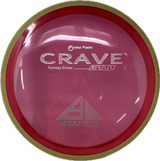 Crave-Discs-Foundation Disc Golf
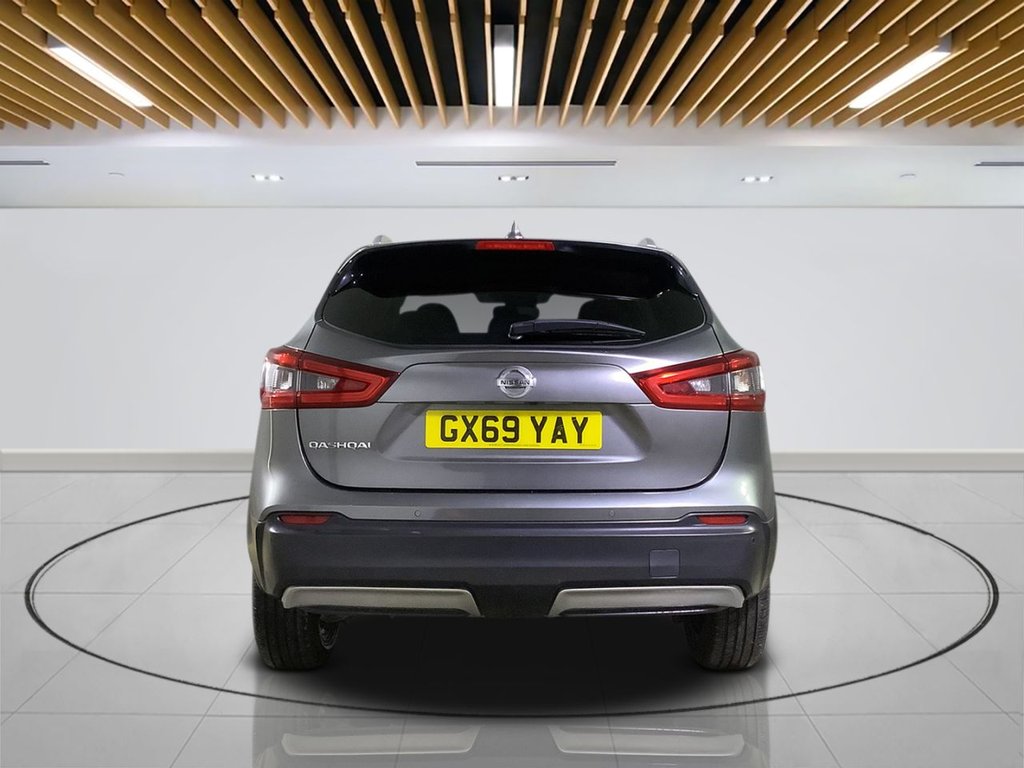 Used Nissan Qashqai 2019 for sale - 76569796: Photo 7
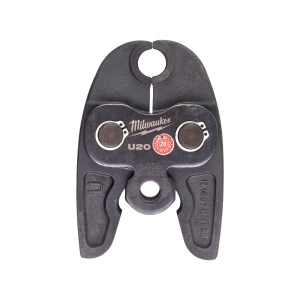 Falca presa J18 - U20, compatibila cu M18 HPT sau M18 BLHPT, diametru teava 20 mm, Milwaukee, cod 4932430298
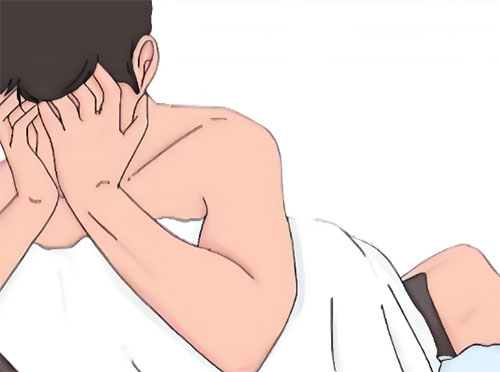 <b>早泄严重能治吗</b>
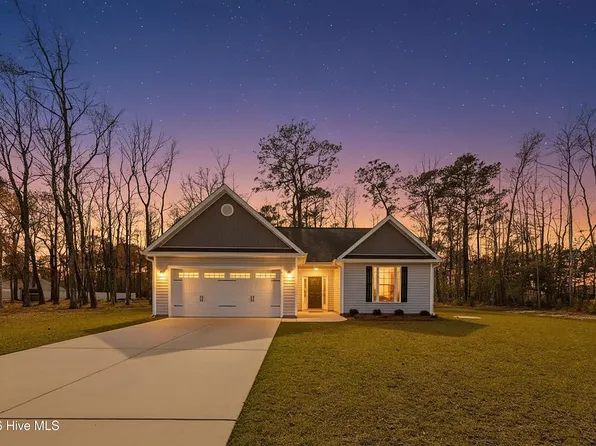 701 Boundary Loop Road NW, Calabash, NC 28467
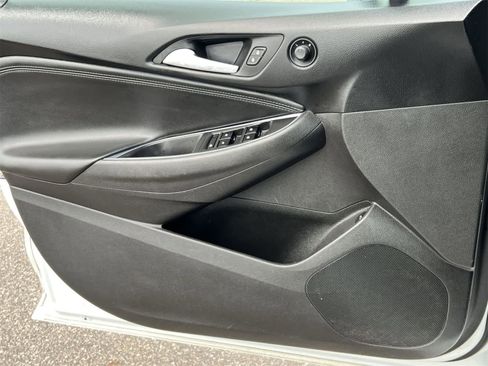 Used 2019 Chevrolet Cruze LT w/ LT Fleet Convenience Package image 30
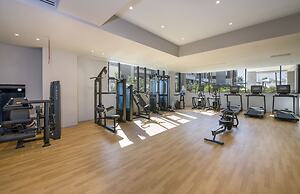 AMIRA LUXURY RESORT & SPA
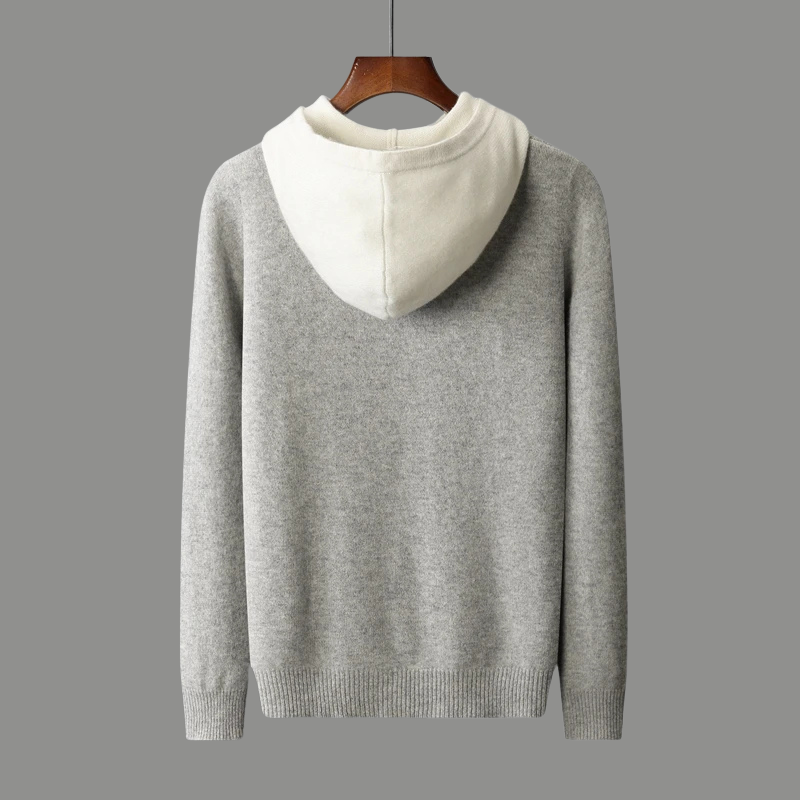 Eitan Hoodie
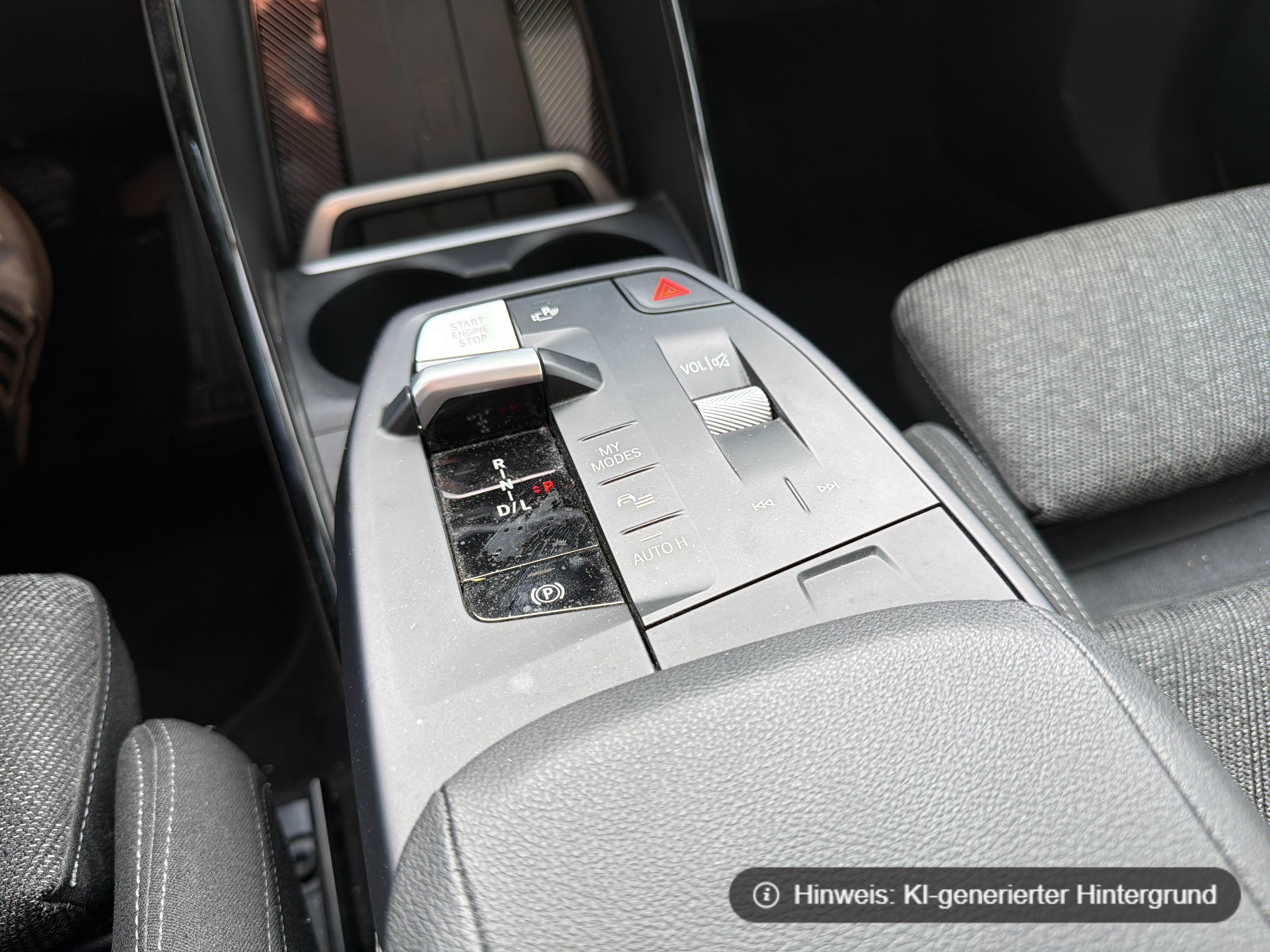 BMW X1 – Bild 16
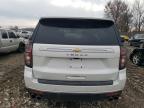 2021 Chevrolet Tahoe K1500 High Country на продаже в Cicero, IN - Side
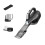 Black+Decker Reveal Handstaubsauger 12V 2Ah mit LED 1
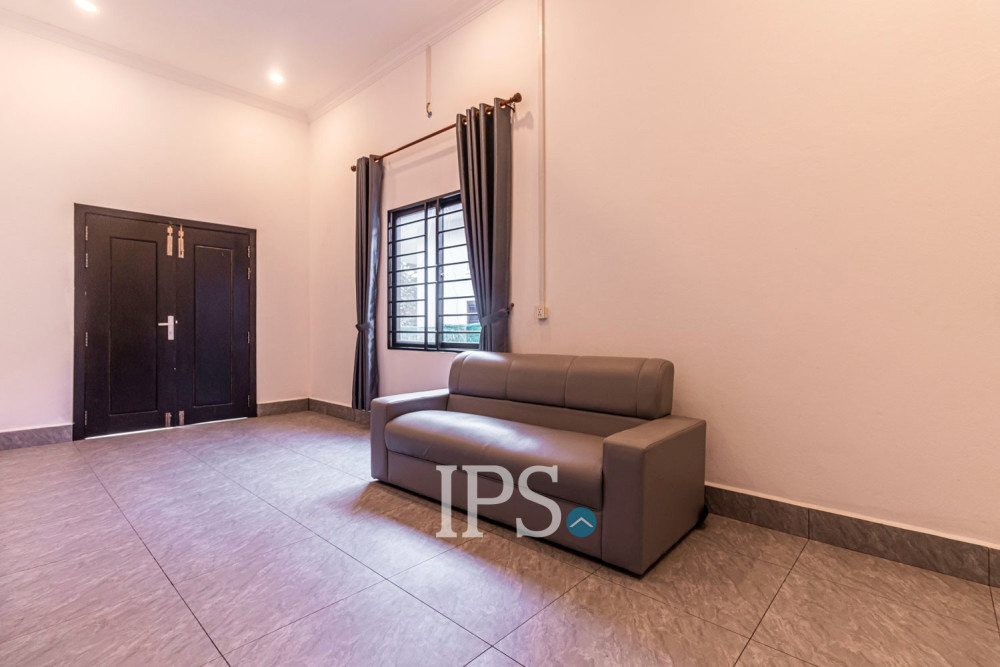 2 Bedroom House For Rent - Sala Kamruek, Siem Reap - Image 4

***

Brief
From the line containing "Eitan Hoodie" down to the last line of the data above, transcribe exactly those lines and no others; omit the pictures.

Written answer
 Eitan Hoodie
 BMW X1 – Bild 16
 2021 Chevrolet Tahoe K1500 High Country на продаже в Cicero, IN - Side
 Black+Decker Reveal Handstaubsauger 12V 2Ah mit LED 1
 2 Bedroom House For Rent - Sala Kamruek, Siem Reap - Image 4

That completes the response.